SOURCE MATERIAL >>
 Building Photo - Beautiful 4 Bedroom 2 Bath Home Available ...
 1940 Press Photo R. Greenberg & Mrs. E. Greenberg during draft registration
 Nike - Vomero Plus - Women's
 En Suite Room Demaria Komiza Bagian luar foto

...

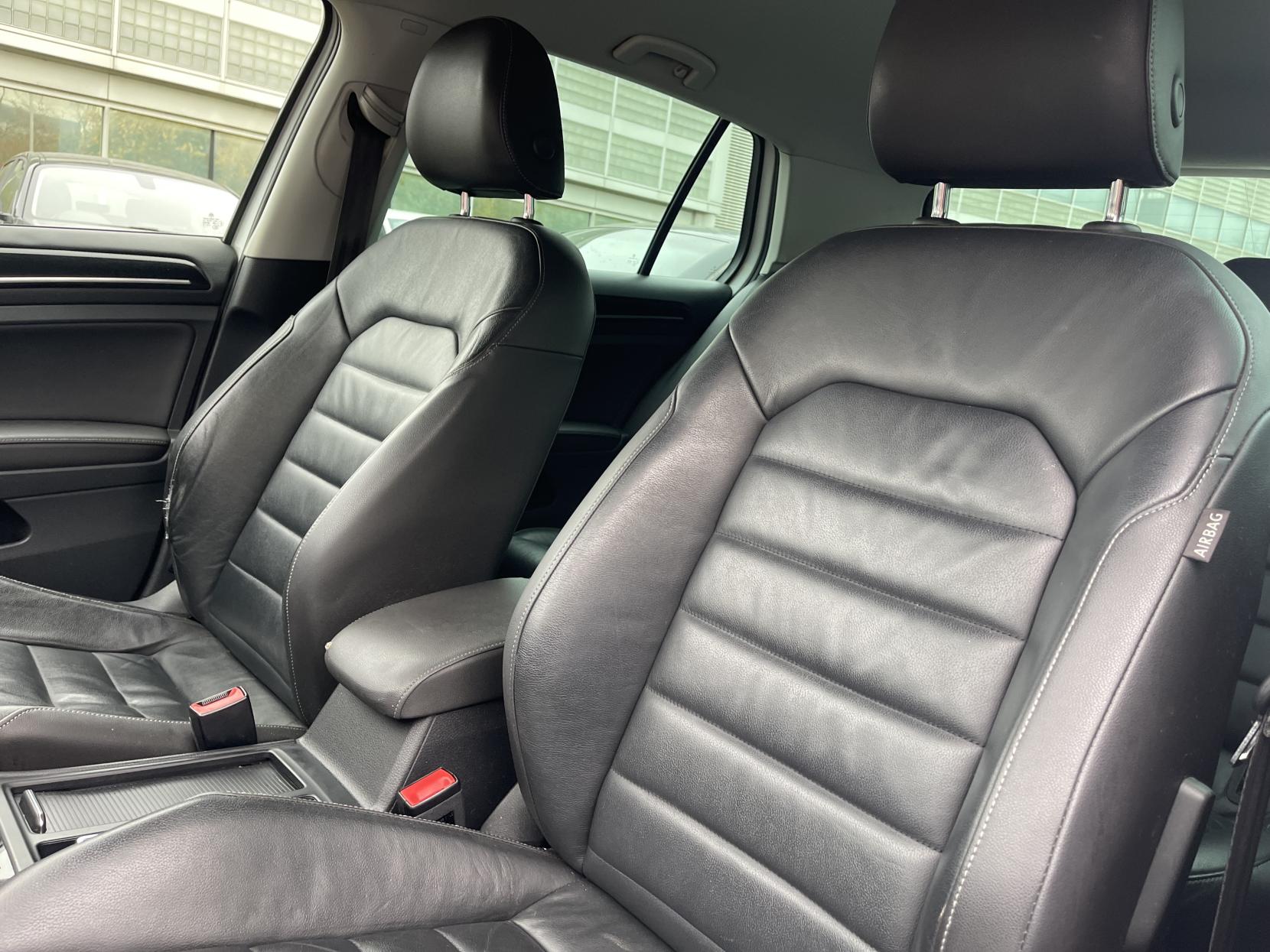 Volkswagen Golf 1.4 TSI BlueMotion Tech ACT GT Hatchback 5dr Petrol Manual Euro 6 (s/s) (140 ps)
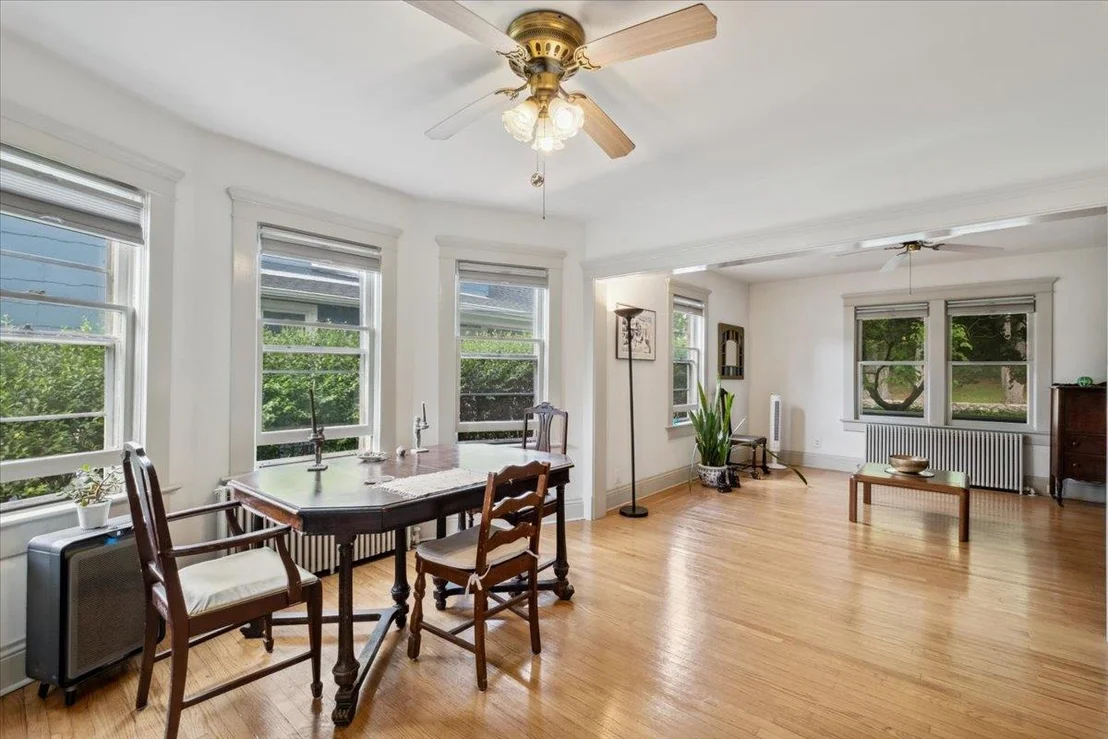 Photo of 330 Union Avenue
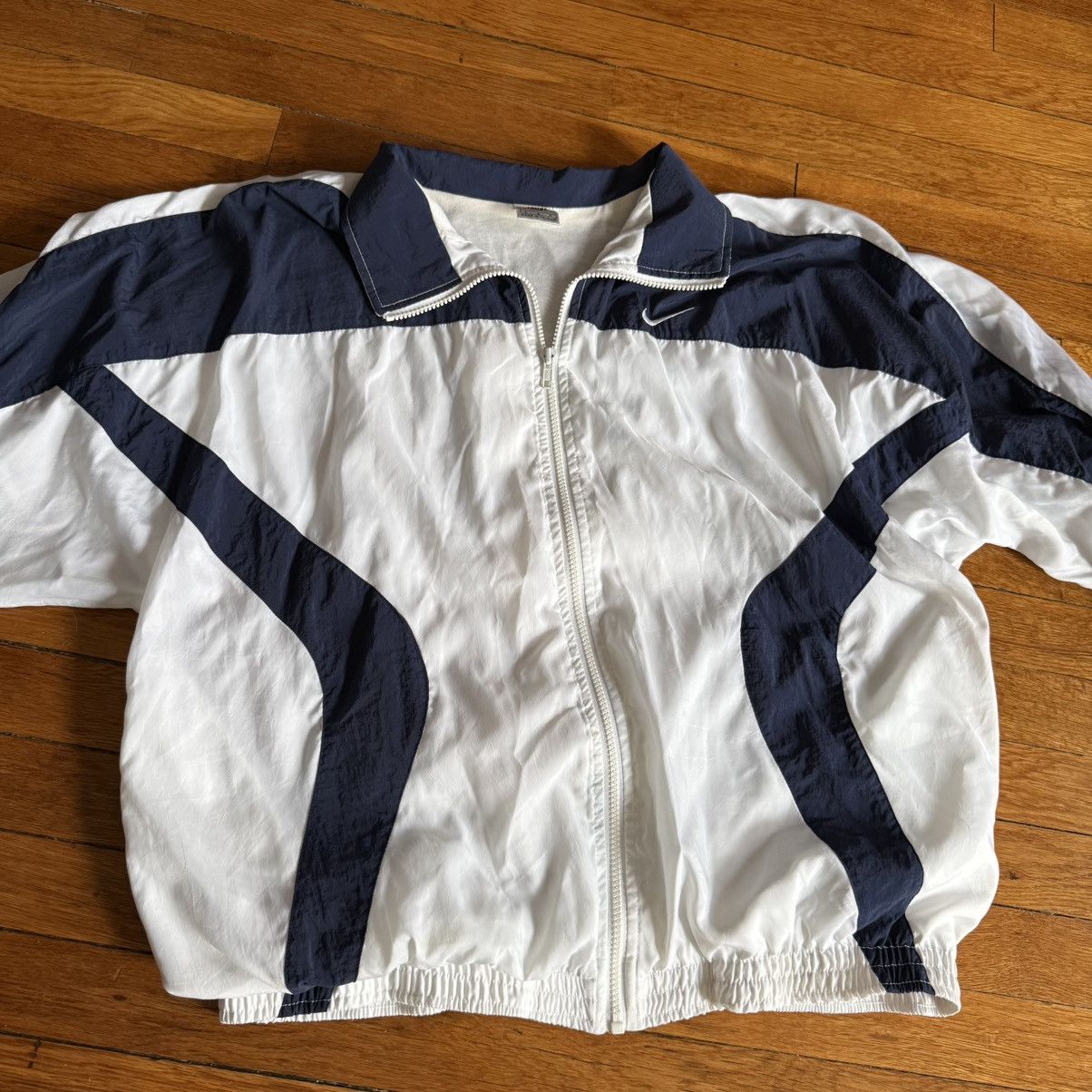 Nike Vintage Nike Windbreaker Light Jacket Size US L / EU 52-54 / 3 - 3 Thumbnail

DIRECTIONS FOR THIS TASK >>
Out of the listing above, reproduce exactly the lines from the one with "Building Photo - Beautiful" up to and including the one with "En Suite Room".

SOLUTION FOR THIS TASK >>
 Building Photo - Beautiful 4 Bedroom 2 Bath Home Available ...
 1940 Press Photo R. Greenberg & Mrs. E. Greenberg during draft registration
 Nike - Vomero Plus - Women's
 En Suite Room Demaria Komiza Bagian luar foto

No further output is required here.